16.7.10

Caché (2005, Michael Haneke)


Só queria saber como é possível viver com a sua consciência. Agora já sei.

Era uma vez um homem chamado Georges (Daniel Auteuil). Pai de uma família de classe média-alta francesa e apresentador de um programa televisivo de críticas literárias, ele vivia com sua esposa Anne (Juliette Binoche) e seu filho Pierrot. Um dia recebe um vídeo com imagens externas de sua casa. A fita cassete, embrulhada em um desenho de um desenho infantil, mostra uma cabeça espirrado-bordô em sugestão de tom de ameaça. A fita tem mais de duas horas. A presença opressiva do outro. Plano aberto e longo. Ruídos da rua. Silêncio.

Era e não era uma vez esse homem chamado Georges. Em um de seus programas, ele teria entrevistado a escritora nigeriana Chimamanda Ngozi Adichie, que na ocasião discorreu sobre o que ela gostava de chamar de “o perigo da história única”. Para Adichie, incrível lhe parecia que mesmo ter bebido cerveja de ginja ou ter visto neve, a leitora e escritora precoce, ainda aos sete anos de idade, reproduzia em suas primeiras histórias os personagens das histórias que lia – homens mui brancos, a comer maçã e relatar a felicidade por terem luz solar. Adichie nunca havia saído da Nigéria. Não teria visto neve, entre outras coisas com as quais não podia nunca se identificar. Assim, concluiu o quão vulneráveis são os seres humanos face a uma história, especialmente as crianças.

Há um capítulo da história que narra a hostilidade entre franceses e argelinos. Todo ato cometido contra os franceses durante a Guerra da Argélia por independência, proclamada em 1962, foi considerado violento ou terrorista. Caché nos faz retomar as raízes do conflito atual, que possivelmente estão na guerra colonial. Os estereótipos contra imigrantes argelinos, hoje arraigados na cultura ocidenal, especialmente nos países europeus, foram criados na época colonial. Os argelinos foram, em várias ocasiões, considerados pelos franceses os culpados por infortúnios, como, por exemplo, a falta de emprego. Gentalha.

Depois de comer logo, antes mesmo que a comida esfriasse, Georges seguiu até a sala, onde, rodeado por livros, encontrou o responsável por aquela situação. Ele acende e não acende a luz e abre e não abre livro mais próximo em uma página qualquer. Há livros por toda a parte. Atrás da mesa, atrás de televisão... Há um livro escondido. Georges Laurent é um homem du siècle – tem medo.

O escuso livro conta-nos a história de Majid, o menino argelino amaldiçoado.

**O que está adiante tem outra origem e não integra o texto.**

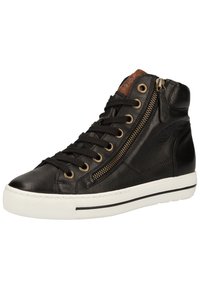 Schwarzes High-Top-Ledersneaker mit strukturierter Oberfläche, goldenen Reißverschlussdetails, braunem Lederakzent auf der Zunge und weißer Gummisohle.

Ele é adotado por uma família francesa depois de perder os pais - mortos violentamente em uma praça parisiense. Majid, um menino de tristes olhos argelinos, tem como missão vir de encontro ao leitor como se fosse um homem-bomba, como se fosse uma imagem paranóica, um gargalo da humanidade, o inocente eleito culpado, um mártir. Na infância, Georges, o filho de sangue francês, disse ao pai que Majid-orfão tossia e expelia sangue. Ele pediu ao pai que o menino matasse o galo e depois foi mandado para um orfanado. Com o passar dos anos Majid, o escuso, tornou-se vermelho demais para ser visto em público e saiu escorrendo pela casa até grudar-se no chão, junto a poeira, reduzido a nada, como uma brincadeira de mau gosto que não deveria ter feito com os outros.